The company will change its approach in developing new technology, moving from simply updating existing products to boldly developing entirely new lines of software, Plattner said.
"Incremental improvements were once one of the favorite styles for development. This is OK where it makes sense," he said. "But radical changes have to take place where the opportunity presents itself. We are at a crossroads in technology. We will see radical changes on the horizon. SAP is more than prepared to take advantage of super-large in-memory systems with a high number of parallel cores."
In order to make this innovation happen, some reorganization will be necessary.
"We will have changes in management style," Plattner said. He promised fewer hierarchical levels of management and more agile software development teams "with a flat structure," he said.

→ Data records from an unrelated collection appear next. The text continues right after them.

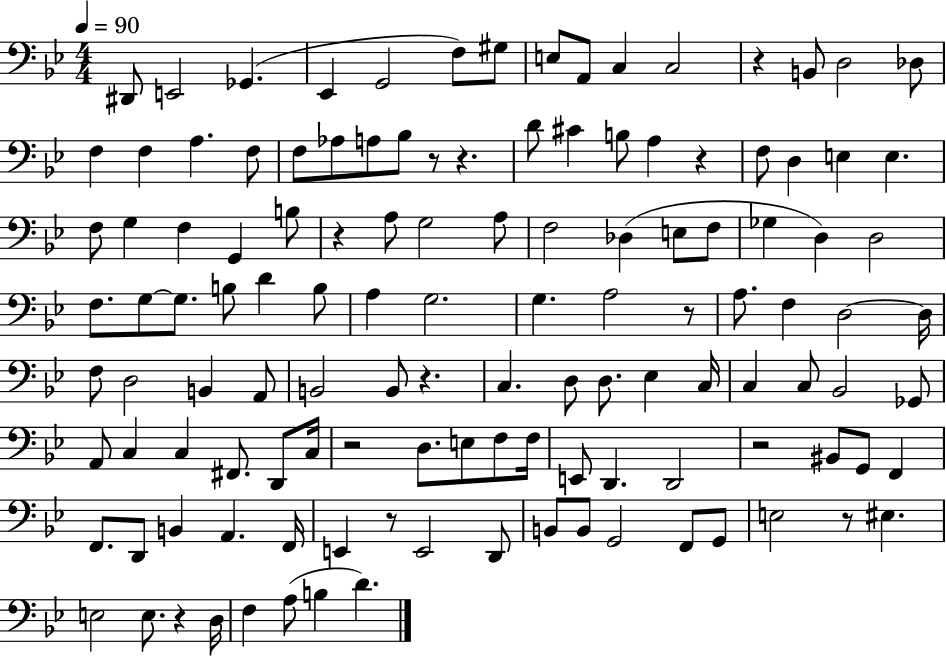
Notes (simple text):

D#2/e E2/h Gb2/q. Eb2/q G2/h F3/e G#3/e E3/e A2/e C3/q C3/h R/q B2/e D3/h Db3/e F3/q F3/q A3/q. F3/e F3/e Ab3/e A3/e Bb3/e R/e R/q. D4/e C#4/q B3/e A3/q R/q F3/e D3/q E3/q E3/q. F3/e G3/q F3/q G2/q B3/e R/q A3/e G3/h A3/e F3/h Db3/q E3/e F3/e Gb3/q D3/q D3/h F3/e. G3/e G3/e. B3/e D4/q B3/e A3/q G3/h. G3/q. A3/h R/e A3/e. F3/q D3/h D3/s F3/e D3/h B2/q A2/e B2/h B2/e R/q. C3/q. D3/e D3/e. Eb3/q C3/s C3/q C3/e Bb2/h Gb2/e A2/e C3/q C3/q F#2/e. D2/e C3/s R/h D3/e. E3/e F3/e F3/s E2/e D2/q. D2/h R/h BIS2/e G2/e F2/q F2/e. D2/e B2/q A2/q. F2/s E2/q R/e E2/h D2/e B2/e B2/e G2/h F2/e G2/e E3/h R/e EIS3/q. E3/h E3/e. R/q D3/s F3/q A3/e B3/q D4/q.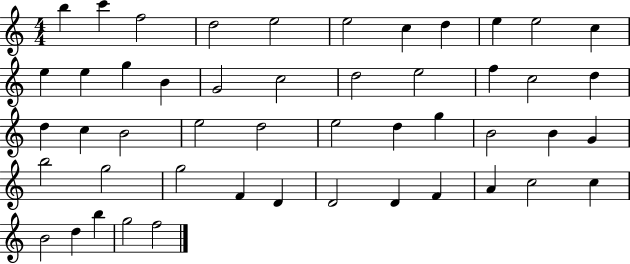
{
  \clef treble
  \numericTimeSignature
  \time 4/4
  \key c \major
  b''4 c'''4 f''2 | d''2 e''2 | e''2 c''4 d''4 | e''4 e''2 c''4 | \break e''4 e''4 g''4 b'4 | g'2 c''2 | d''2 e''2 | f''4 c''2 d''4 | \break d''4 c''4 b'2 | e''2 d''2 | e''2 d''4 g''4 | b'2 b'4 g'4 | \break b''2 g''2 | g''2 f'4 d'4 | d'2 d'4 f'4 | a'4 c''2 c''4 | \break b'2 d''4 b''4 | g''2 f''2 | \bar "|."
}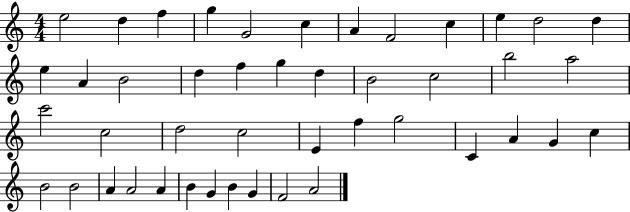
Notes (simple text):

E5/h D5/q F5/q G5/q G4/h C5/q A4/q F4/h C5/q E5/q D5/h D5/q E5/q A4/q B4/h D5/q F5/q G5/q D5/q B4/h C5/h B5/h A5/h C6/h C5/h D5/h C5/h E4/q F5/q G5/h C4/q A4/q G4/q C5/q B4/h B4/h A4/q A4/h A4/q B4/q G4/q B4/q G4/q F4/h A4/h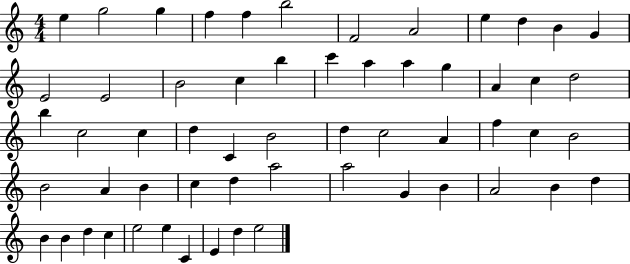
{
  \clef treble
  \numericTimeSignature
  \time 4/4
  \key c \major
  e''4 g''2 g''4 | f''4 f''4 b''2 | f'2 a'2 | e''4 d''4 b'4 g'4 | \break e'2 e'2 | b'2 c''4 b''4 | c'''4 a''4 a''4 g''4 | a'4 c''4 d''2 | \break b''4 c''2 c''4 | d''4 c'4 b'2 | d''4 c''2 a'4 | f''4 c''4 b'2 | \break b'2 a'4 b'4 | c''4 d''4 a''2 | a''2 g'4 b'4 | a'2 b'4 d''4 | \break b'4 b'4 d''4 c''4 | e''2 e''4 c'4 | e'4 d''4 e''2 | \bar "|."
}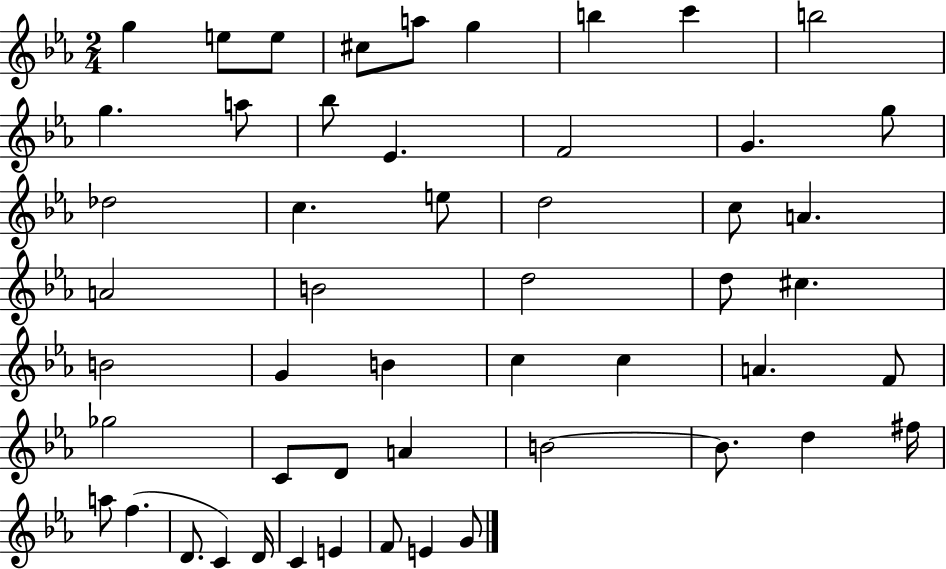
X:1
T:Untitled
M:2/4
L:1/4
K:Eb
g e/2 e/2 ^c/2 a/2 g b c' b2 g a/2 _b/2 _E F2 G g/2 _d2 c e/2 d2 c/2 A A2 B2 d2 d/2 ^c B2 G B c c A F/2 _g2 C/2 D/2 A B2 B/2 d ^f/4 a/2 f D/2 C D/4 C E F/2 E G/2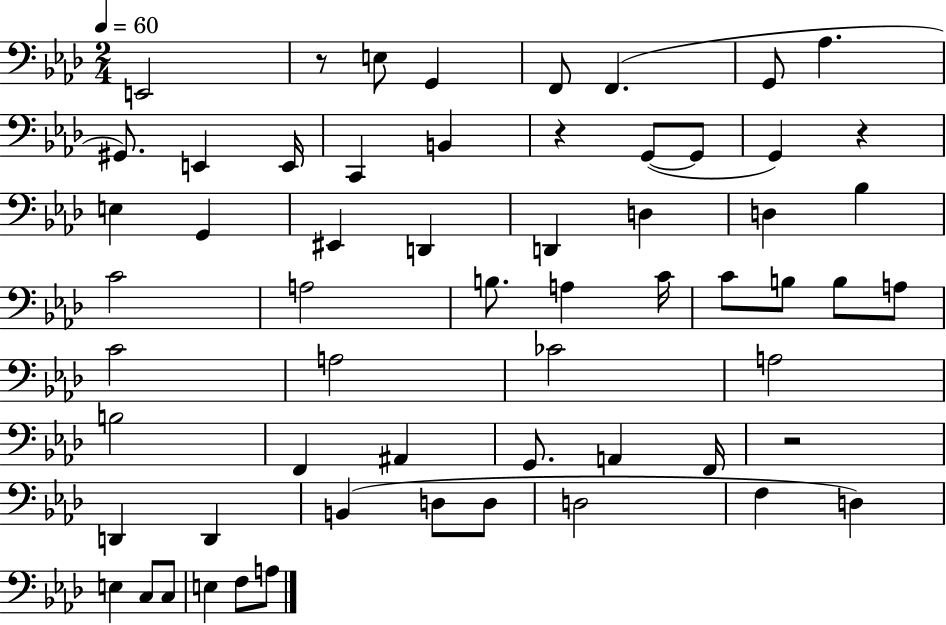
X:1
T:Untitled
M:2/4
L:1/4
K:Ab
E,,2 z/2 E,/2 G,, F,,/2 F,, G,,/2 _A, ^G,,/2 E,, E,,/4 C,, B,, z G,,/2 G,,/2 G,, z E, G,, ^E,, D,, D,, D, D, _B, C2 A,2 B,/2 A, C/4 C/2 B,/2 B,/2 A,/2 C2 A,2 _C2 A,2 B,2 F,, ^A,, G,,/2 A,, F,,/4 z2 D,, D,, B,, D,/2 D,/2 D,2 F, D, E, C,/2 C,/2 E, F,/2 A,/2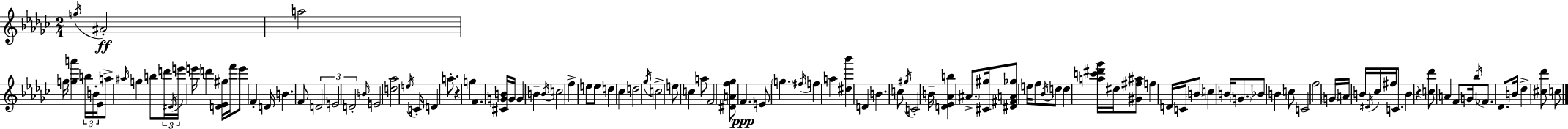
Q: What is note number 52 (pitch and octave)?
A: E4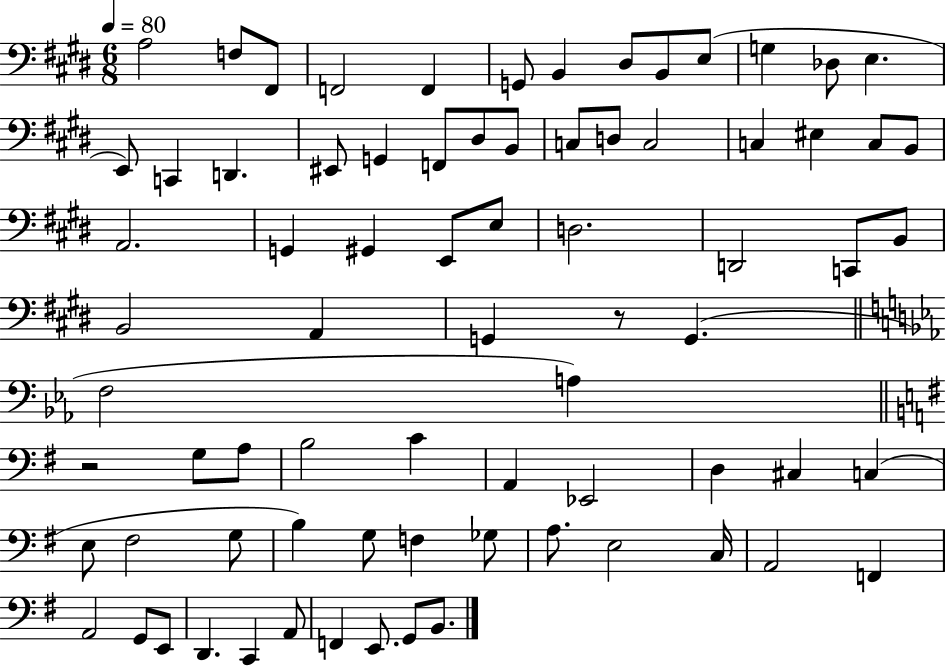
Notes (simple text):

A3/h F3/e F#2/e F2/h F2/q G2/e B2/q D#3/e B2/e E3/e G3/q Db3/e E3/q. E2/e C2/q D2/q. EIS2/e G2/q F2/e D#3/e B2/e C3/e D3/e C3/h C3/q EIS3/q C3/e B2/e A2/h. G2/q G#2/q E2/e E3/e D3/h. D2/h C2/e B2/e B2/h A2/q G2/q R/e G2/q. F3/h A3/q R/h G3/e A3/e B3/h C4/q A2/q Eb2/h D3/q C#3/q C3/q E3/e F#3/h G3/e B3/q G3/e F3/q Gb3/e A3/e. E3/h C3/s A2/h F2/q A2/h G2/e E2/e D2/q. C2/q A2/e F2/q E2/e. G2/e B2/e.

Plattner admitted that customer trust and employee morale have suffered of late. "I will do everything possible to make SAP a happy company," he said.
He addressed head-on one of the most heated issues in SAP's recent history: Its 2008 decision to move customers to a richer-featured but more expensive Enterprise Support service. The plan rankled users worldwide, particularly those with older, stable systems and little need or desire for additional support.
"I was part of the decision that we had to raise maintenance fees," he said. "That is not something we can put in Léo's shoes. This was done by SAP. We made a mistake and we have to change course here, and regain trust from the customers who were more than upset. Unfortunately, the head of the company takes the blame, whether it was just or not."
Plattner would not discuss why Apotheker's contract was not extended, but admitted that it was his idea, although it went through board approval. "I decided that I will only make forward-making statements," he said.
Plattner did offer reasons why Apotheker was not fired. For example, it was not because of problems with Business ByDesign, SAP's on-demand ERP (enterprise resource planning) suite for the midmarket.
SAP has scaled back the roll out of the software while working to ensure it will be profitable enough. A broader launch is expected later this year. "Léo was the one who really was instrumental in turning it around," Plattner said.
Plattner's remarks "are going to go a long way in having SAP restore trust," said Forrester Research analyst Paul Hamerman. "He was very candid on the call. He admitted mistakes. His candor and his accountability will go a long way toward getting SAP back on track."
Although Plattner will leave the day-to-day operations of SAP to Snabe and McDermott, he will remain visible for some time, said Jon Reed , an independent analyst who closely tracks SAP. "I think he's going to stick around ... until SAP's on the right track, in his view," Reed said. "He doesn't want to endure the reputation hit of tooling away in his lab while the company he created goes to pieces."
Apotheker's legacy at SAP in one sense helped foster his demise. Prior to his ascension to CEO, he built "a very successful" global sales organization, Hamerman said. But Apotheker carried that emphasis forward as CEO, to the detriment of technology, he said.
Meanwhile, McDermott and Snabe "complement each other well from both a business standpoint and personality standpoint," Hamerman said. The gregarious, sales-driven McDermott stands in contrast to the soft-spoken but more technical Snabe.
But it's questionable whether a co-CEO approach is sustainable, meaning further changes may still come to SAP's leadership, Hamerman said. "At some point there needs to be a clear CEO in charge. Will it be one of these individuals or someone from the outside?"